In computing, line feed (LF) is a control character indicating that one line should be fed out. It has an ASCII code of 10 (0A in hexadecimal). Line feed was originally a printer command normally used in conjunction with a carriage return (a command which returned the printer carriage to the leftmost position, by analogy with typewriters; abbreviated CR). After processing a CR-LF pair, the printer head would have returned to the left margin and advanced one line down the page, ready to print a new line of text.

CR-LF was eventually adopted as the standard line ending for network traffic, a decision which, in retrospect, is generally considered to be a mistake. However, this usage continued in MS-DOS and its descendant Microsoft Windows, so it will likely remain into the foreseeable future.

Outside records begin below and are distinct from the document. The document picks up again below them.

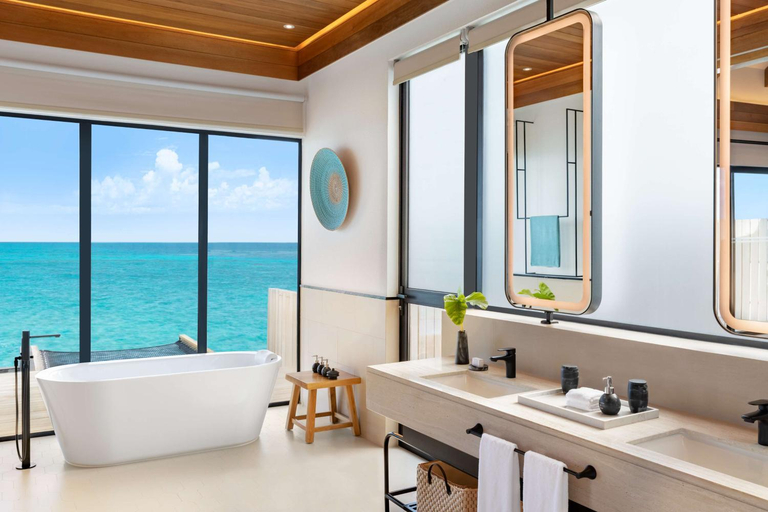 Bathroom 4, Hilton Maldives Amingiri Resort & Spa, Malé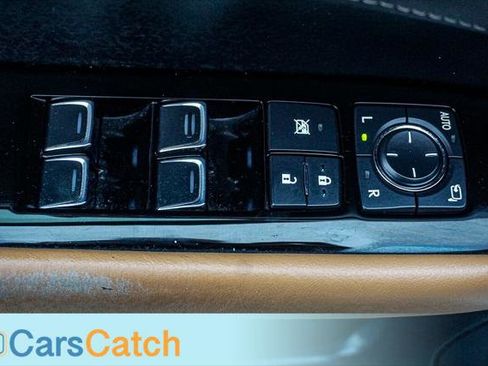 Used 2016 Lexus GS 200t w/ Preferred Accessory Package image 42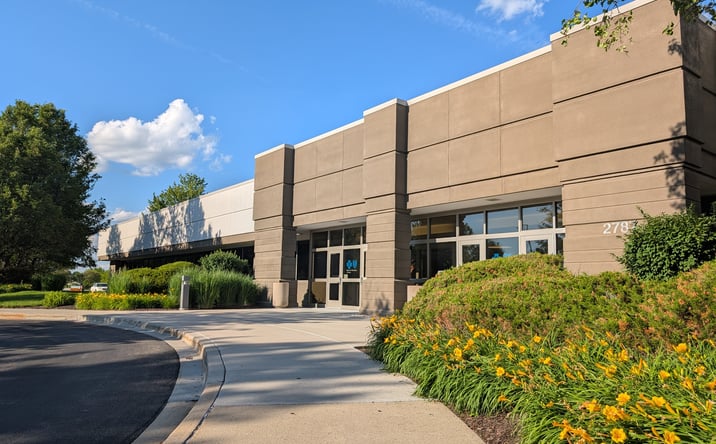 Pictures of Office, Special Purpose property located at 2787 MCFARLAND RD, ROCKFORD, IL 61107-6815 for lease - image #1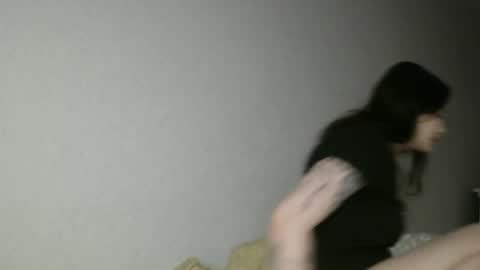 Lilly online show from October 23, 6:14 pm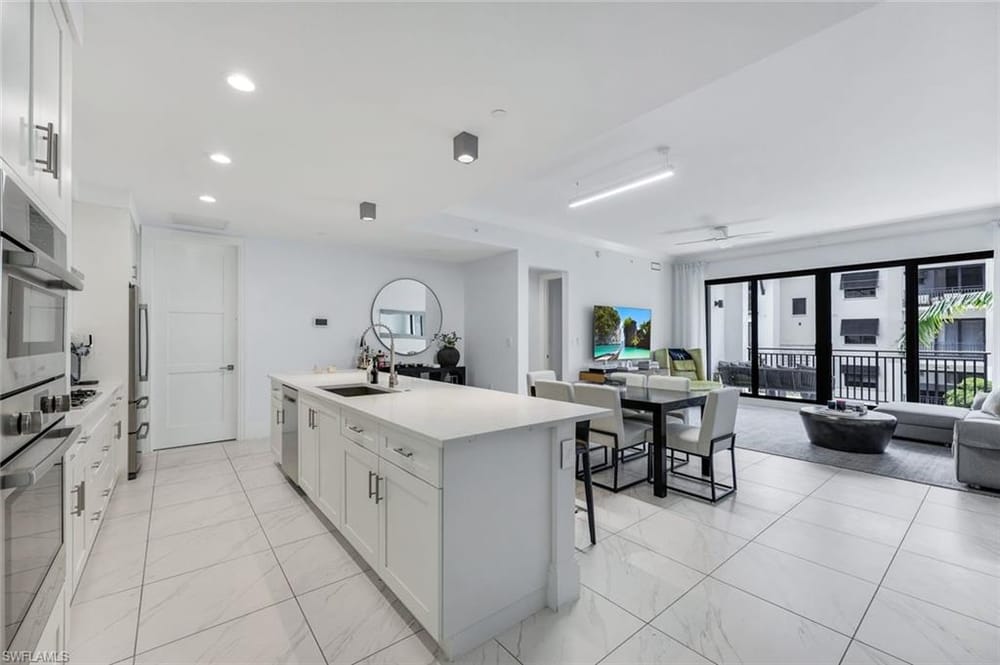 1135 3rd Ave. S 303 – #226027229 - Naples Square
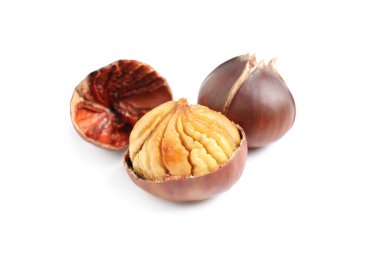 Lezzetli, kavrulmuş, yenilebilir kestaneler.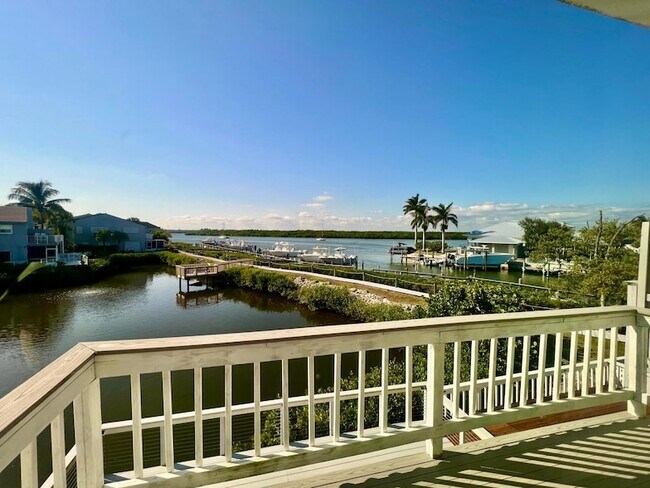 Building Photo - 2486 Harbour Cove Dr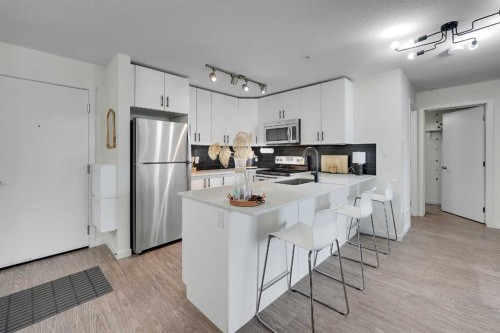 3212-181 Skyview Ranch Manor Ne, Calgary, AB - Indoor Photo Showing Kitchen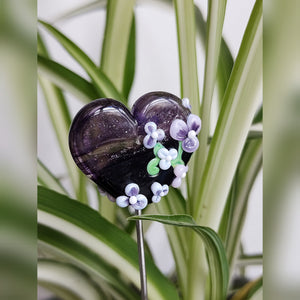 Dark purple and black heart with purple flowers - Plant stake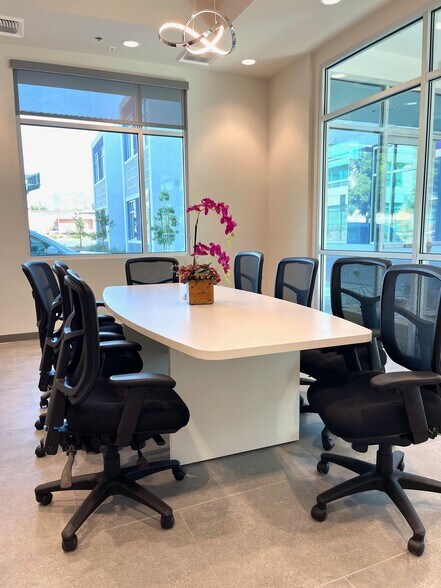 More Photos Of 980 W 6th St, Ontario Office For Lease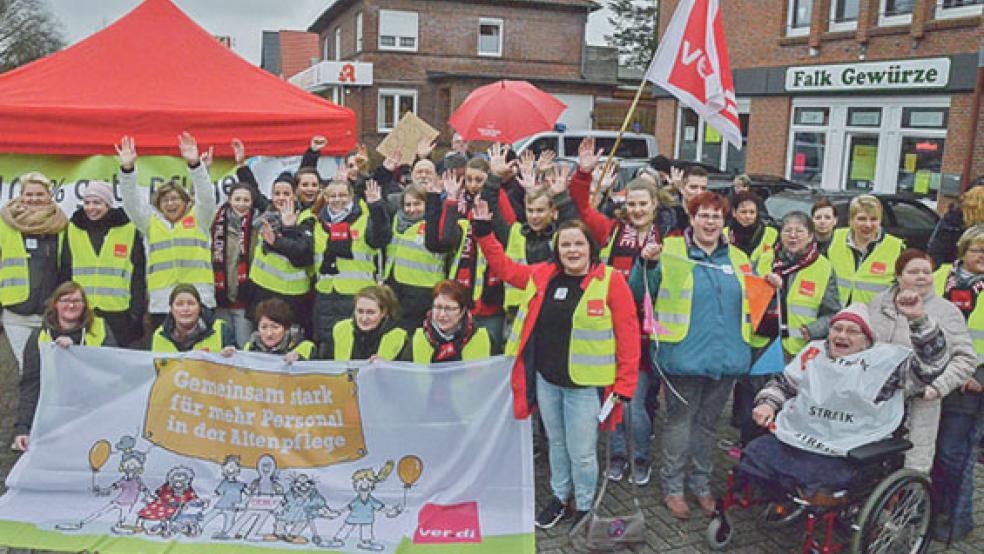 80 Mitarbeiter der Senioren- und Blindeneinrichtung ProSenis in Leer fordern für sich den Tarifvertrag des öffentlichen Dienst (TVöD). © Fotos: Ammermann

In Unix, a line feed is more often called a newline: in Unix-based operating systems, a line feed is interpreted as an instruction having the same effect on a computer terminal that CR-LF has on a printer. It was thought unnecessary to send printer sequences to computer displays. The C programming language, with origins in Unix, reflects this usage: in C, '\n' is an abbreviation for newline.

Apple Computer also simplified the CR-LF pair in their operating systems, choosing CR without LF. Apple Macintoshes continued to use carriage return as a line ending until the version of their operating system called Mac OS X (which was based on Unix).